Martis is a journalist and editor living in Toronto. She is the author of the memoir They Said This Would Be Fun, which won the 2021 Kobo Emerging Writer Prize for nonfiction. She teaches journalism at Toronto Metropolitan University. Her writing has appeared in media outlets across North America, including Vice, Huffington Post, The Walrus, Hazlitt, The Fader, Salon and CBC.
Robertson is a Swampy Cree writer who has published several books across a variety of genres, from pictures books to graphic novels to memoir and fiction. His most recent books are the novel The Theory of Crows, the Misewa Saga YA series, the picture book On the Trapline, which was illustrated by Julie Flett, and the memoir Black Water.

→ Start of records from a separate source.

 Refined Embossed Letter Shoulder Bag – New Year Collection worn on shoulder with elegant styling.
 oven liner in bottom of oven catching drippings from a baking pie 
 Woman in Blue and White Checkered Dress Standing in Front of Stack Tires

His picture book When We Were Alone, which as also illustrated by Flett, won the Governor General's Literary Award for young people's literature, illustrated books.
Robertson also hosted the CBC Manitoba podcast Kiwew and is the editorial director of a new children's imprint dedicated to publishing Indigenous writers and illustrators at Penguin Random House Canada.
LISTEN | How authors David A. Robertson and Vivek Shraya are helping writers of colour:
Merilyn Simonds is a writer from Kingston, Ont. who has written 20 books, including the nonfiction books The Convict Lover, Gutenberg's Fingerprint and the novel Refuge. She is the founder and first artistic director of the Kingston WritersFest. Her latest book, Woman, Watching, was published in 2022.
The jury will select the shortlist and winner. A panel of established writers and editors from across Canada review the submissions and will determine the longlist from all the submissions. The longlist, shortlist and winner will be announced in fall 2023.
Last year's winner was Susan Cormier, a Métis writer from B.C., for her essay Advice to a New Beekeeper.
The CBC Literary Prizes have been recognizing Canadian writers since 1979. Past winners include David Bergen, Michael Ondaatje, Carol Shields and Michael Winter.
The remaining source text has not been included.